MATERIAL PROVIDED:
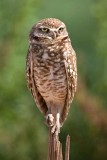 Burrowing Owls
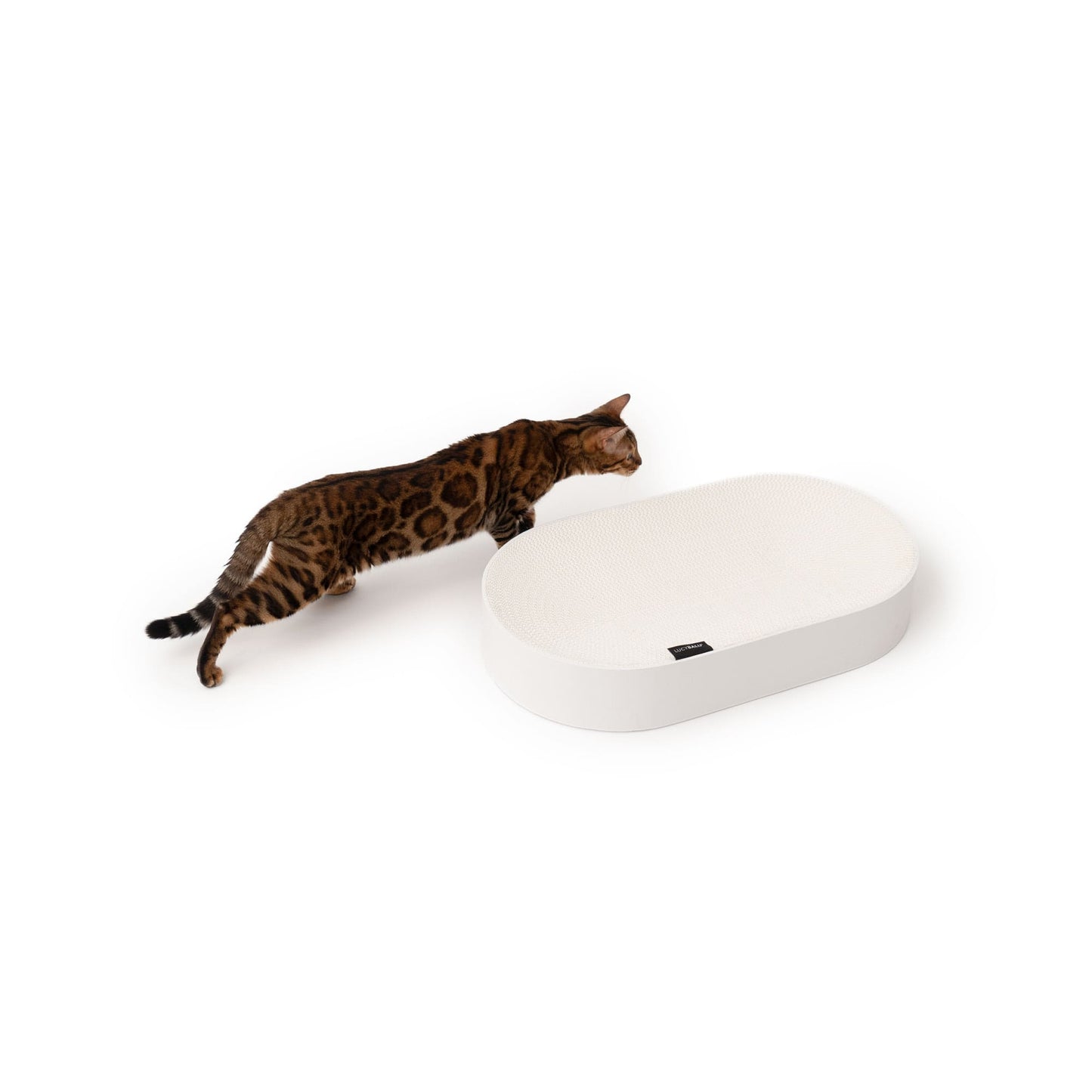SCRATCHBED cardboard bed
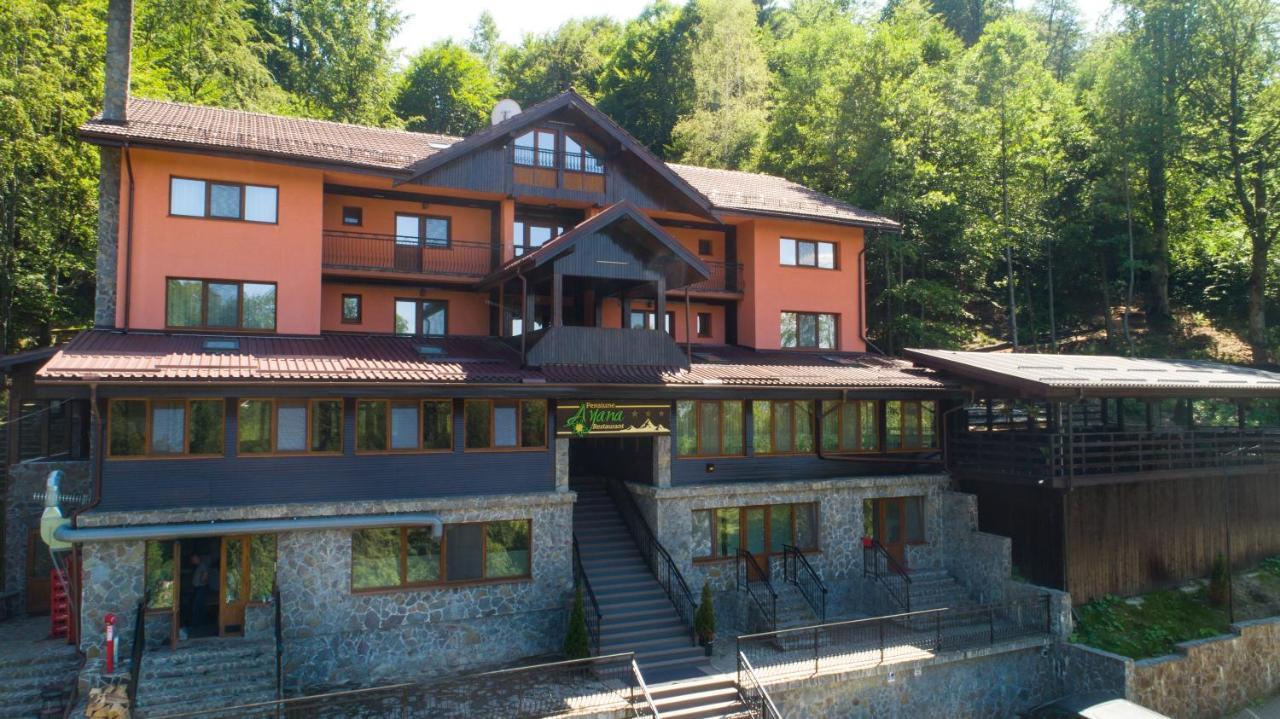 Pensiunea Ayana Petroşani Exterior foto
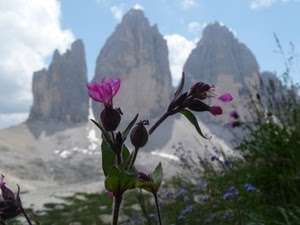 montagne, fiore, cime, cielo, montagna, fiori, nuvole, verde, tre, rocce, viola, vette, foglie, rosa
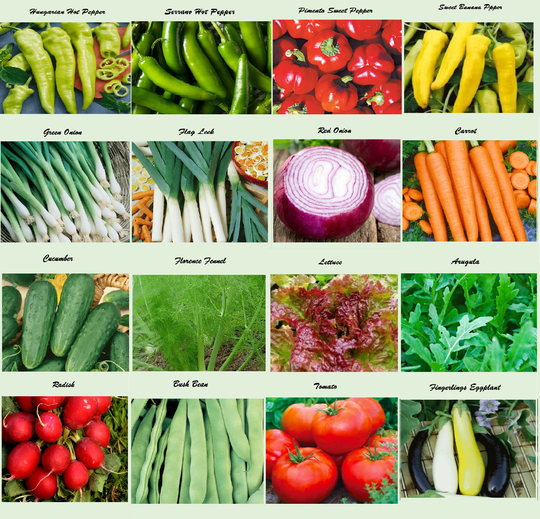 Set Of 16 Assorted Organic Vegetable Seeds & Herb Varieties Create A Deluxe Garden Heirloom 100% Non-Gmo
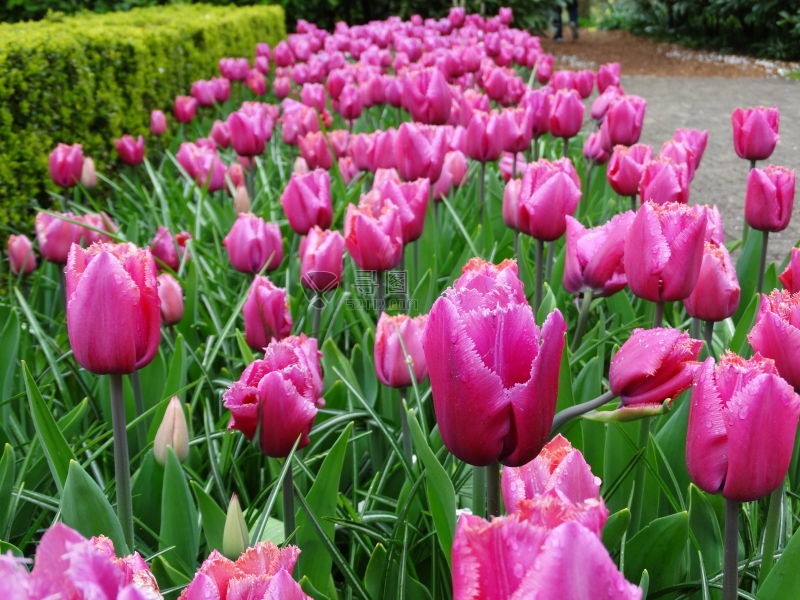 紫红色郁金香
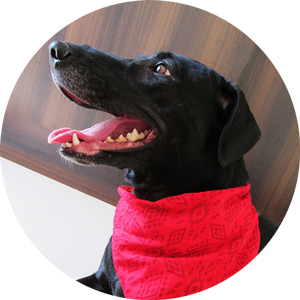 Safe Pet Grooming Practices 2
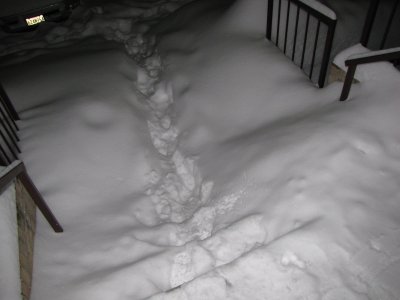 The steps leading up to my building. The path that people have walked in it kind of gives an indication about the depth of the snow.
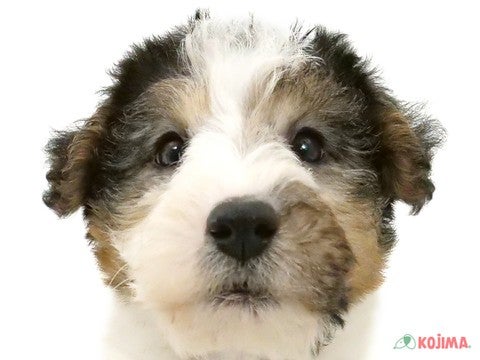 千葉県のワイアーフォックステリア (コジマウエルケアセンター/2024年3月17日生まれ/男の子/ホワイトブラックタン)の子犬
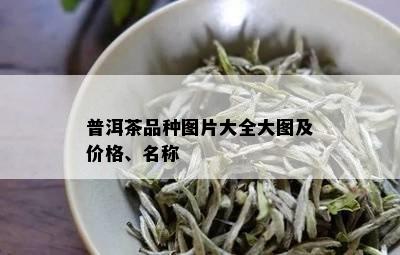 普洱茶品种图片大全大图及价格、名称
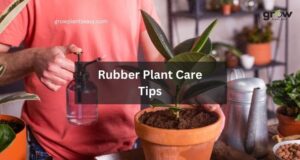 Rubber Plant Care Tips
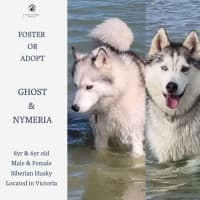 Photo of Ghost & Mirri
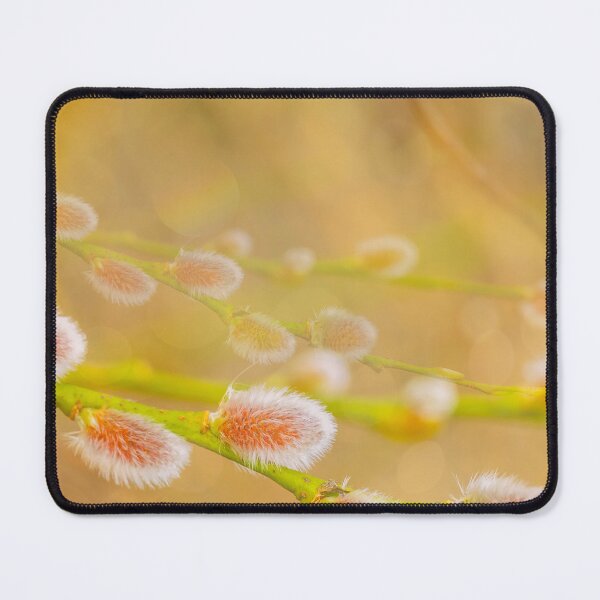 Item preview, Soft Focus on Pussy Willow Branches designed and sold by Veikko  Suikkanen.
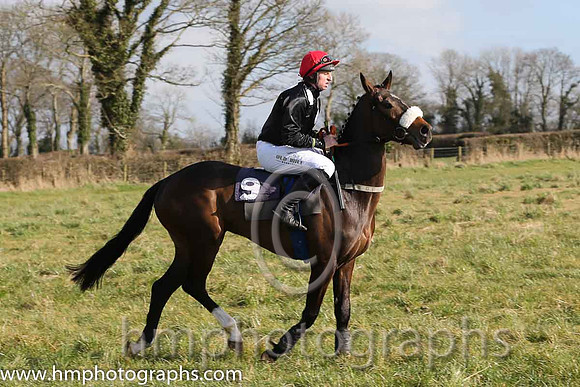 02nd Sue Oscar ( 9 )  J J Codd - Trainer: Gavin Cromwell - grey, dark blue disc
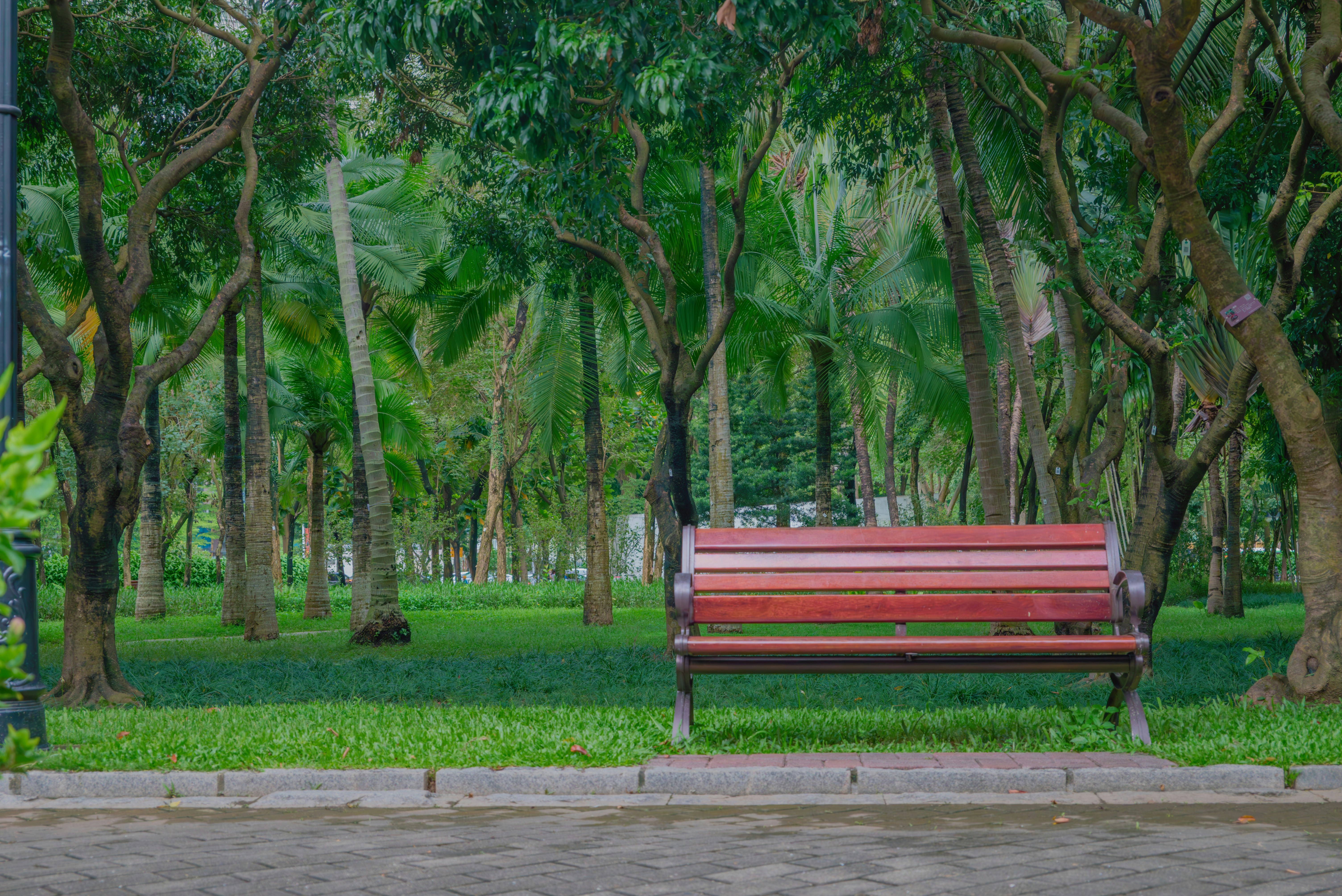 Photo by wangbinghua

TASK INSTRUCTIONS:
Would you write out exactly the lines above, starting at the line containing "Set Of 16 Assorted" and stopping after the line containing "Rubber Plant Care Tips"? Omit the pictures.

YOUR SOLUTION:
 Set Of 16 Assorted Organic Vegetable Seeds & Herb Varieties Create A Deluxe Garden Heirloom 100% Non-Gmo
 紫红色郁金香
 Safe Pet Grooming Practices 2
 The steps leading up to my building. The path that people have walked in it kind of gives an indication about the depth of the snow.
 千葉県のワイアーフォックステリア (コジマウエルケアセンター/2024年3月17日生まれ/男の子/ホワイトブラックタン)の子犬
 普洱茶品种图片大全大图及价格、名称
 Rubber Plant Care Tips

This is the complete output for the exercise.